Road Ecology is a sub-science of it’s own and crown forestry roads in NS are being designed and approved by a variety of people with zero background or zero professional expertise in road ecology. Worse, the road footprints are getting larger despite the decades old research showing the negative impacts that road widening has on animal movements and poaching. Work looking at the effects of the provincial road system on connectivity is being done at Dalhousie (Caitlin Cunningham). https://www.youtube.com/watch?v=mQ5R6bbfbsA&t=1945s&ab_channel=TheMTRI
DNRR needs a PHD level “road guru” researcher who considers the landscape effects and oversees road planning for the entire crown land base of the province. Roads need to be posted for public comments just as harvests are, because often and increasingly the access road has a far longer and larger impact on the landscape and ecology than the forest harvesting does.
Brad – You are so right about what’s happening with these logging roads. The network of roads and log yards is growing like a huge cancer across the province. Many of the logging roads are wider – the road and the cleared are to the sides — than the municipal roads that access them. One has to wonder if part of the strategy of road building is to scoop all the trees they can when they clear the forest to build a road — it adds up to a *very* substantial area leading to or between harvest parcels. And, as you say, the impact of these roads on wildlife is great. Also, with all of the cutting and blading away of the soil along the roads, the disturbance is providing near ideal conditions for invasive plants such as Glossy Buckthorn and non-native Phragmites.
While there may be planning for scattered parcels, it seems there is little thought given to the collective impact at landscape level.
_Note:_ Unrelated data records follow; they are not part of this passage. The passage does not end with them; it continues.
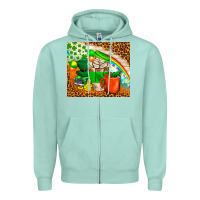 Seafoam Coffee Cups St Patricks Day Tumbler Zipper Hoodie - BundleAndBundleShop
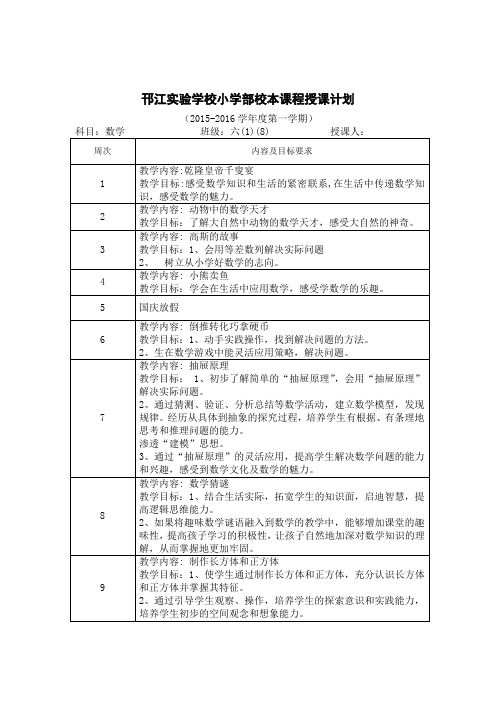 六年级上学期数学校本课程授课计划表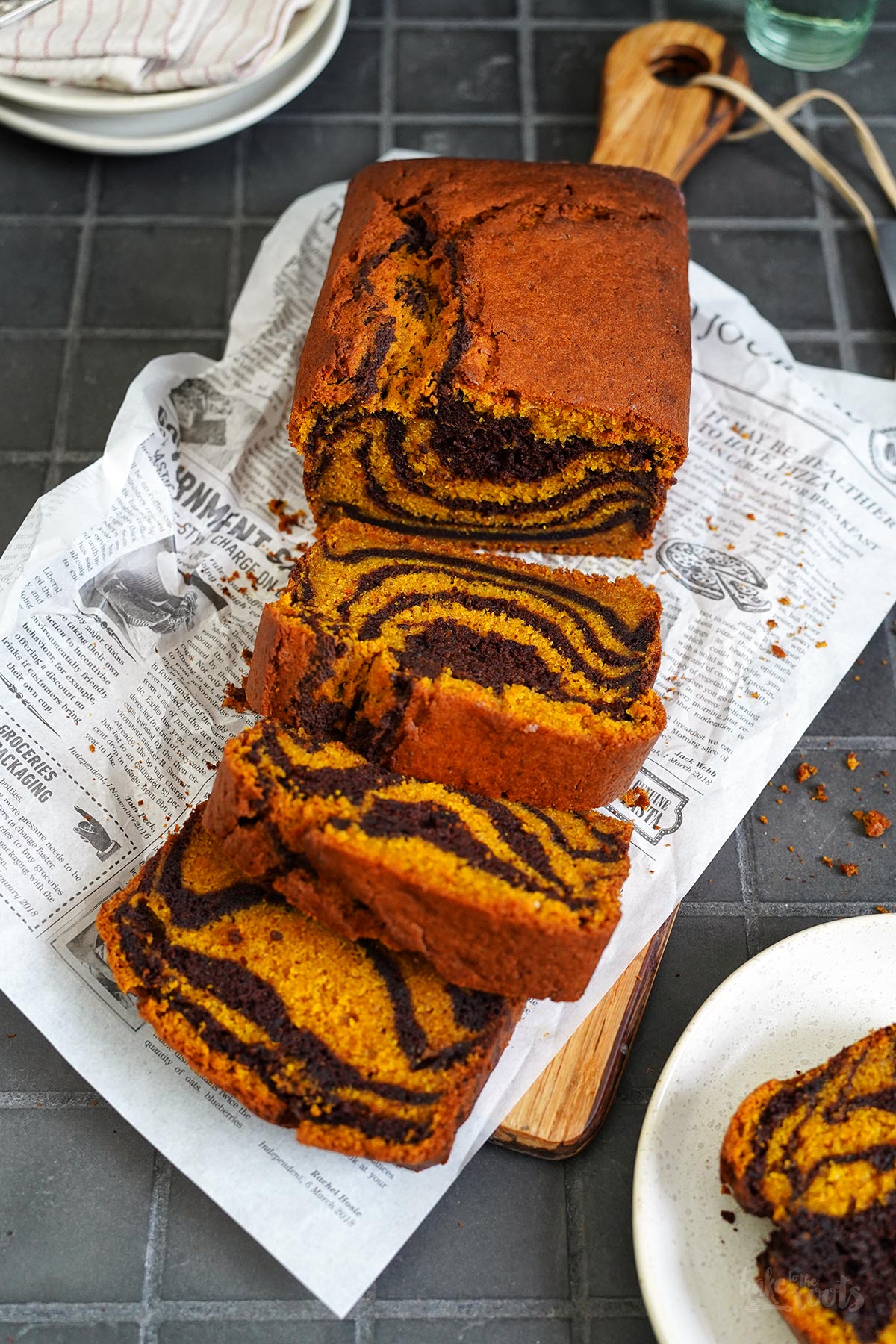 Pumpkin Chocolate Marble Cake (Tiger Cake) | Bake to the roots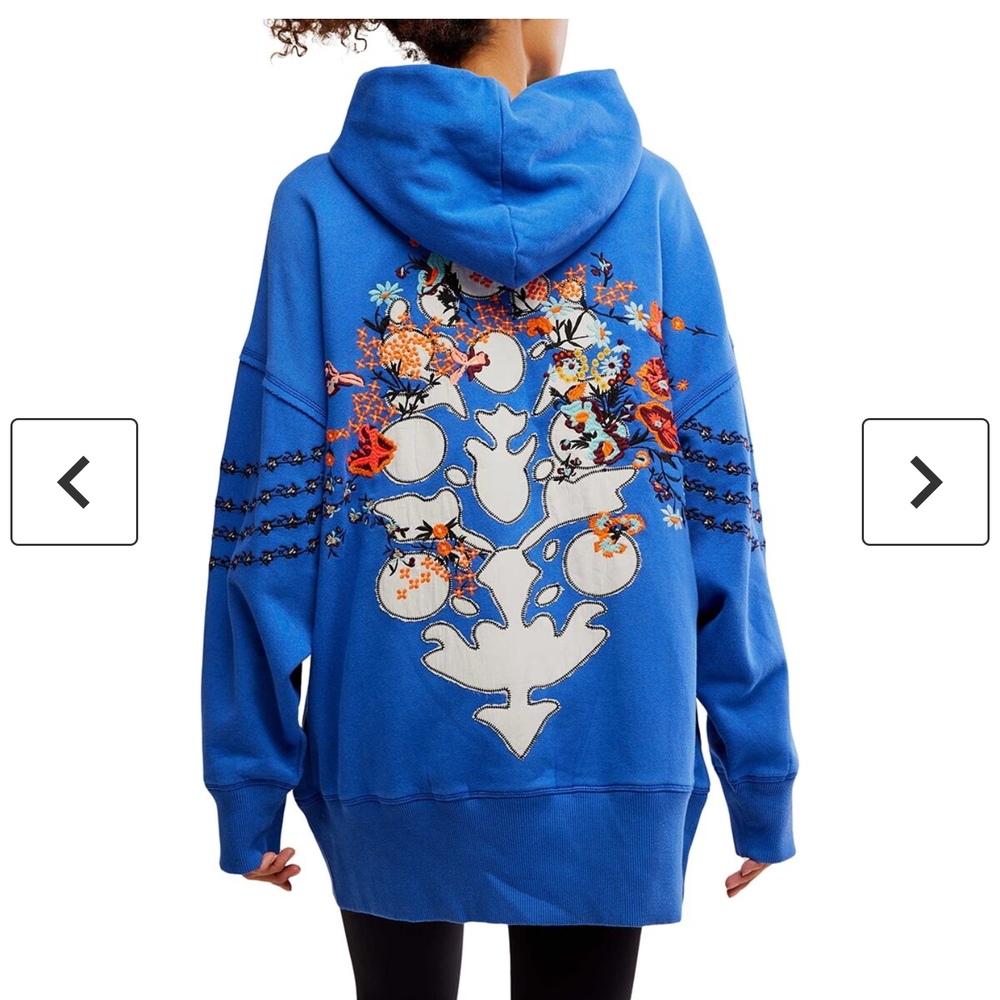 FP Movement by Free People Blue Hoodie with Floral Embroidery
There is too much being cut down all at once over too large an area. Undoubtedly, those with very large harvesting equipment like it that way — much the same as how, when the massive combines started to appear, farmers tore out fences and fencerow hedges to make it faster and easier to work up mammoth-sized fields measured by hundreds rather than dozens of acres. The result was wholesale destruction of the ecology of the land and that’s just what we now see happening in our forests. This doesn’t bode well at all for wildlife, soil, watersheds and forest ecology.
Utterly laughable (if it wasn’t so tragic.) The so-called special management practices for preserving moose habitat was called out as antiscience nonsense last year when WestFor and the (then) Dept of Lands and Forestry tried to pull the same stunt. Clear cutting an area and leaving tiny clumps of trees here and there is NOT a special moose management strategy. It is an excuse to continue clear cutting, continue destroying moose habitat, and continue destroying our forests for the profit of a small few, greed driven forestry corporations. Every biologist, ecologist, and forestry expert (NOT being paid by WestFor, a WestFor contractor, or the government of NS) knows this and has said as much.
WestFor and the new Minister of Natural Resources and Renewables, Tory Rushton, continue to lie and spread misinformation about ecological practices and proper forestry management. Clearly neither one can be trusted, and both need to be confronted for the blatant misinformation they are spreading.